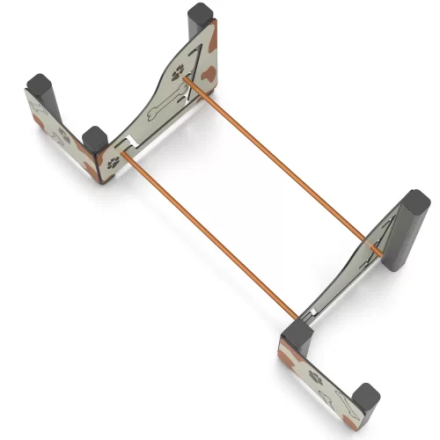 Оборудование для собачьей площадки тип 9, фото 4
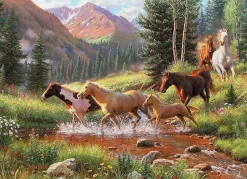 Cobble Hill : Mountain Thunder (1000)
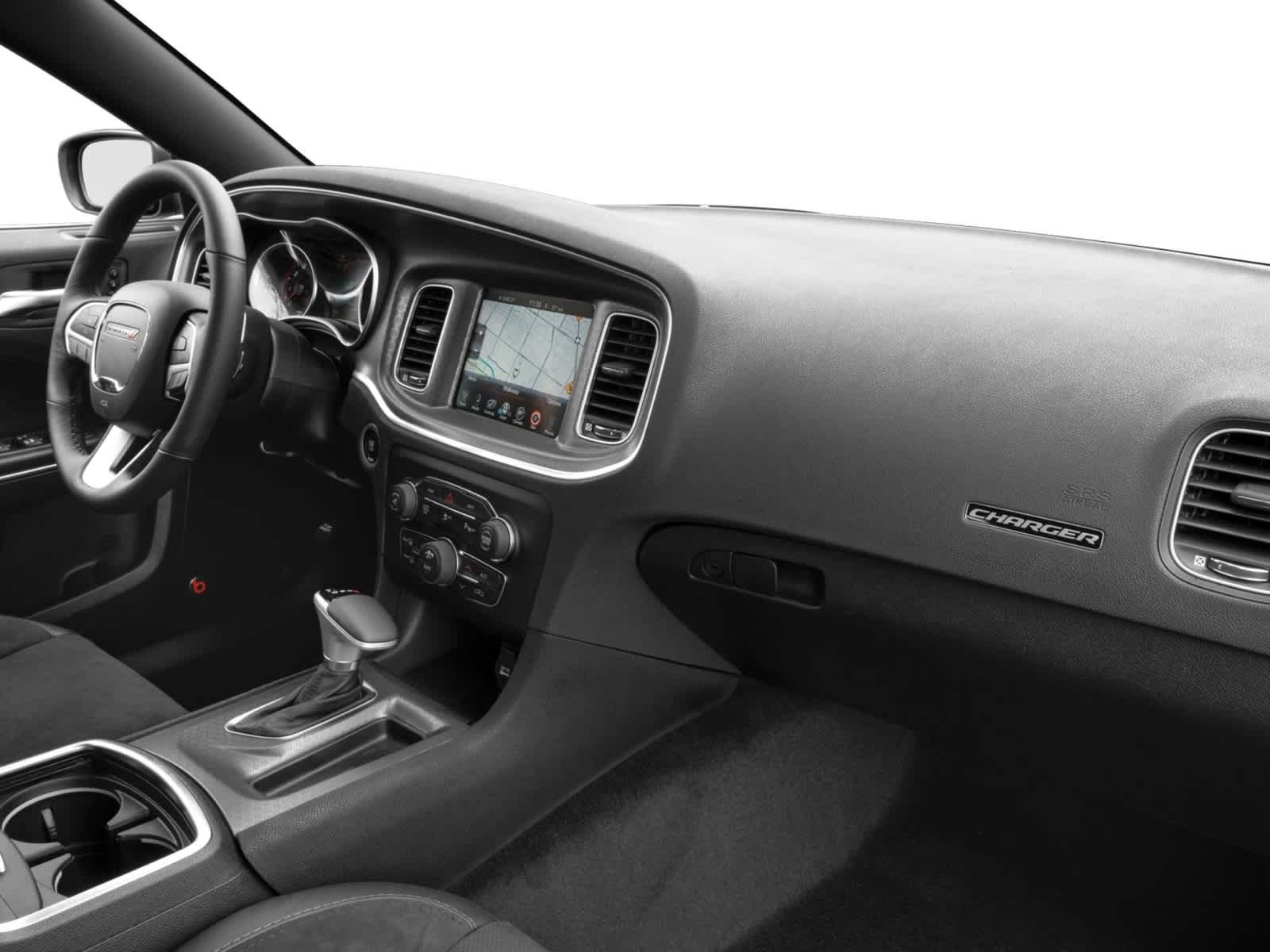 Used 2016 Dodge Charger Sedan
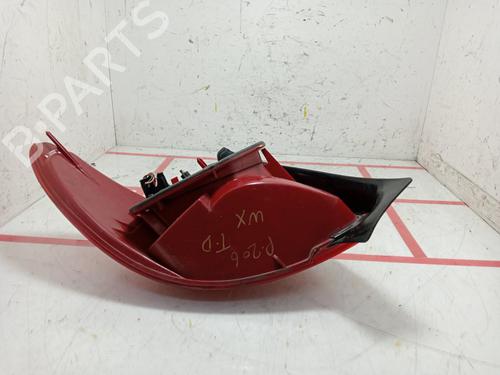 Right taillight PEUGEOT 206 Hatchback (2A/C) 1.9 D | BP30519184C35
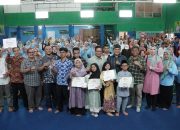 Gebyar Kegiatan Desa Cileunyi Wetan, KPM Alami Sakit Menahun, Kronis dan Lansia Jadi Prioritas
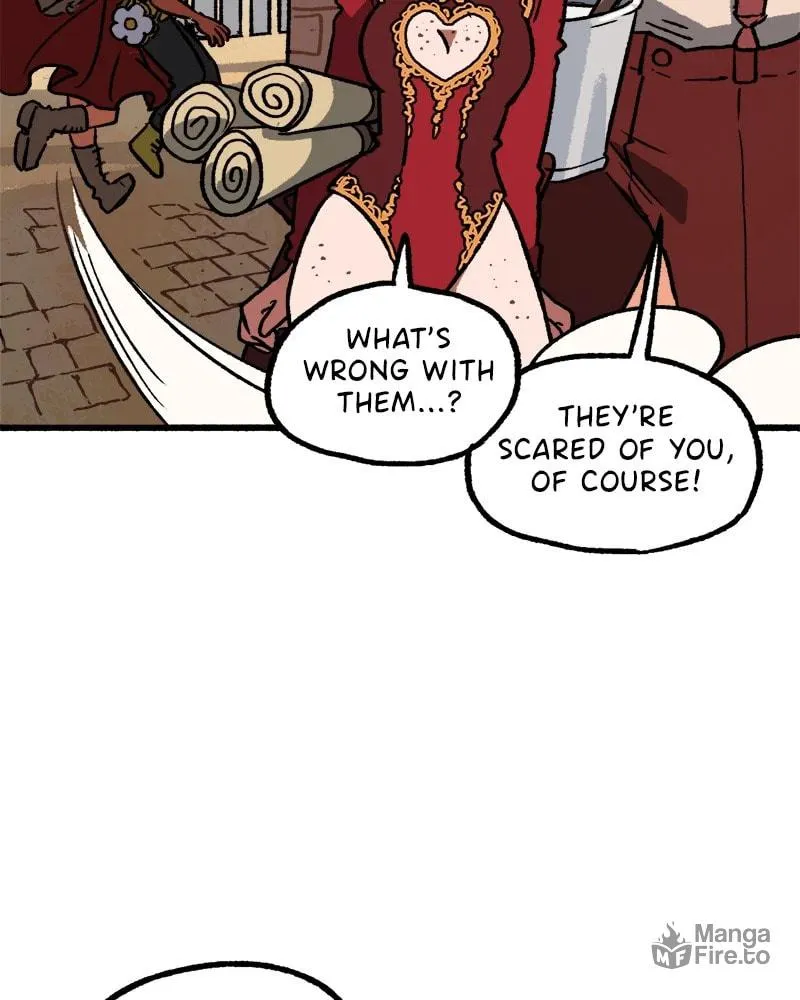 Marionetta Chapter 70 page 30 - 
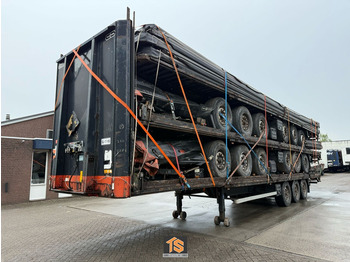 Poluprikolica s ceradom VAN HOOL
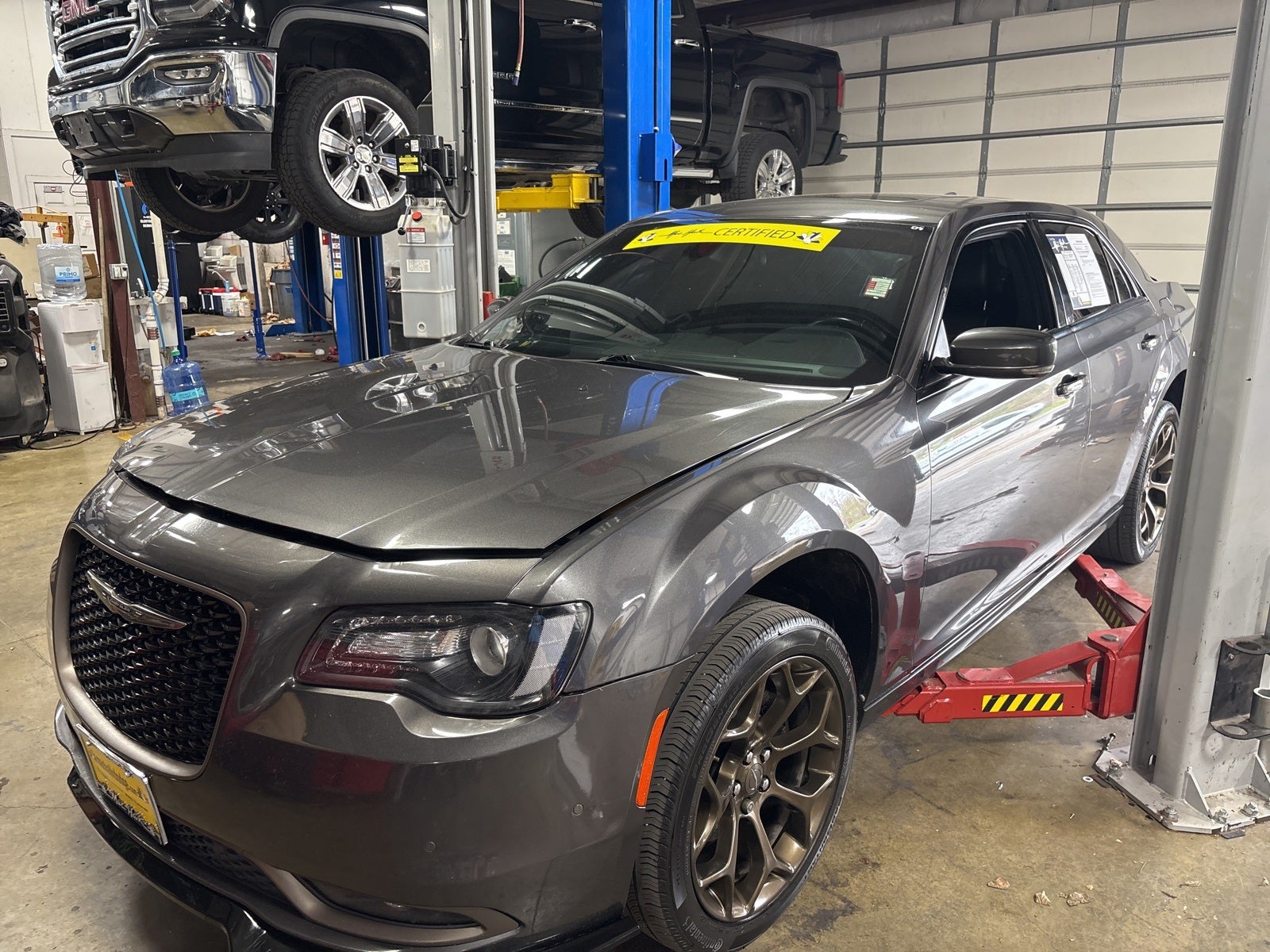2016 Chrysler 300 S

========================================================================

→ Assignment: Write out, word for word, only the lines from the one containing "Cobble Hill : Mountain Thunder (1000)" to the end of the data above; the pictures stay out.

→ Written response:
 Cobble Hill : Mountain Thunder (1000)
 Used 2016 Dodge Charger Sedan
 Right taillight PEUGEOT 206 Hatchback (2A/C) 1.9 D | BP30519184C35
 Gebyar Kegiatan Desa Cileunyi Wetan, KPM Alami Sakit Menahun, Kronis dan Lansia Jadi Prioritas
 Marionetta Chapter 70 page 30 - 
 Poluprikolica s ceradom VAN HOOL
2016 Chrysler 300 S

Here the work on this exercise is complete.